On 18/07/2020, 08:47, "help-bison on behalf of Akim Demaille" 
<help-bison-bounces+avogelsgesang=tableau....@gnu.org on behalf of 
a...@lrde.epita.fr> wrote:

    
    
    > Le 14 juil. 2020 à 13:31, Christian Schoenebeck 
<schoeneb...@crudebyte.com> a écrit :
    > 
    > On Montag, 13. Juli 2020 07:56:57 CEST Akim Demaille wrote:
    > 
    > For the 'married' parser, in the form imagined by me, there would be no 
    > lookahead token, as a lookahead token implies a context-unaware scanner.
    > 
    > Instead, when the parser would get to a state where it had to decide 
between 
    > reducing or shifting (depending on a next token), it would not decide and 
fork 
    > the parser state instead, in order to allow context-specific tokenization.
    
    That's indeed a possible choice in the implementation of GLR parser 
generators:
    to sit GLR on top of LR(0).  I've never seen performance reports that 
compare
    both approach though.
    
    However, most implementations use SLR(1), because it is super simple to
    implement (especially compared to LALR(1)), yet make a significant 
difference.
    
    >> Yes, indeed.  That's something which Joel detailed in his PhD.  Note
    >> though that PSLR targets deterministic parsing.  Bison would (first)
    >> target that, not GLR.  But contributions are always welcome :)
    > 
    > The longer I think about it, the more I wonder whether it wouldn't make 
sense 
    > to make a clear and radical cut with the past when developing a 'married' 
    > parser to allow unfolding its full potential.
    > 
    > I mean I look at what you are working on Akim, and AFAICS the majority of 
time 
    > you have to spend on maintaining (i.e. not breaking) backward 
compatibility 
    > for ancient use cases. Most of Bison's conceptional design and internals 
are 
    > still based on requirements and opinions from around 1980 which simply no 
    > longer exist or proofed wrong.
    
    I don't subscribe to this opinion :)  The core of Bison is well established,
    and I have very little maintenance to do on it.  As a matter of fact, if you
    look at the recent history, there's hardly any work in the automaton
    construction.  Most of my recent efforts are about diagnostics.  Diagnostics
    about the grammar (which is also what the current work on counterexamples is
    about), and in the generated parsers (to provide better error messages).
    
    Many many people *want* a *deterministic* and *fast* parser.
    
    They want determinism because with GLR (with conflicts) you just don't know
    if some day your parser will fail because of an unforeseen ambiguity.  I
    know people who build critical software with Bison, and "possible failure"
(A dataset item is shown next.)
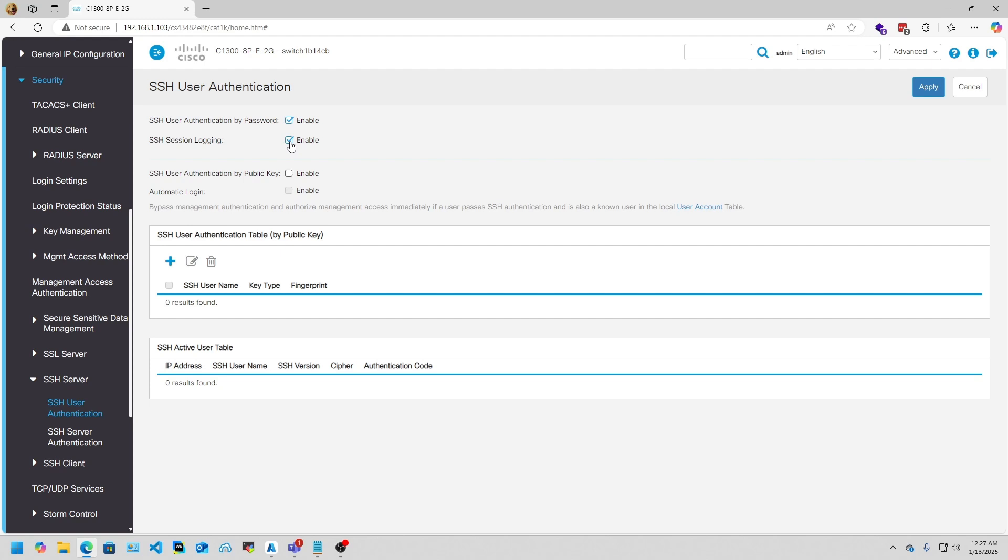Once you have that configured and done, go ahead and click Apply. Now after that is done, remember your IP address, remember your password you just set.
    on valid input is not an option.  Bison is strong on this regard.  IELR
    is arguably the most powerful form of LR(1) parsing you can find on the 
market
    with the size of LR(0).  And you can have canonical LR(1) if you want.
    
    GLR is slow compared to LR.  People rely on our generated LR parsers being
    fast. That's a true feature of Bison's.  Note only does determinism provide
    people with guarantees ("your grammar is unambiguous"), it also provides
    them with efficiency.
    
    Although I don't have figures about "blind GLR" (i.e., seated on LR(0)),
    I'm pretty sure it would disastrous for anything serious.  So you'd have to
    go at least to SLR(1).  But then, what would be the point of throwing away
    all the good technology we have for LALR(1), IELR(1) and canonical LR(1)?
    
    If I were to build a GLR parser from scratch today, I would certainly
    aim at SLR(1), you are right, LALR(1) is a nightmare, but Robert Corbett
    fought that fight some 40 years ago, and IELR(1) was certainly super tricky,
    but Joel E. Denny won that battle more than 10 years ago.  Why would I
    discard so great achievements?
    
    
    
    > Besides of what we already discussed, I think it would make sense to get 
rid 
    > of a bunch of other things that Bison still retains:
    > 
    > 1. No longer multiple parser types, only one: a somewhat GLR-alike parser 
like 
    >   discussed as real superset of LALR, but without lookahead token (so not 
    >   really LALR based under the hood). Theoretically there is no 
disadvantage 
    >   by doing so, because if a developer feeds it with a LALR(1) capable
    >   grammer, it would still end up having the same parsing 
    >   complexity=efficiency as an old-school LALR would do, probably just 
with 
    >   slightly higher memory footprint.
    > 
    >   Advantages though: much more user friendly and powerful, and a lot less 
    >   code to maintain.
    
    I bet we are talking about making the parsers at least one order of 
magnitude
    slower here (blind GLR).  Of course this not an option.
    
    Besides, if people want to look for brand new trendy techniques, why would
    they come to Bison?  There are plenty of alternatives out there, and if
    Bison still exists today, it's because there's already tons of software
    that rely on its current behavior.  I will *not* break that.  *Never*.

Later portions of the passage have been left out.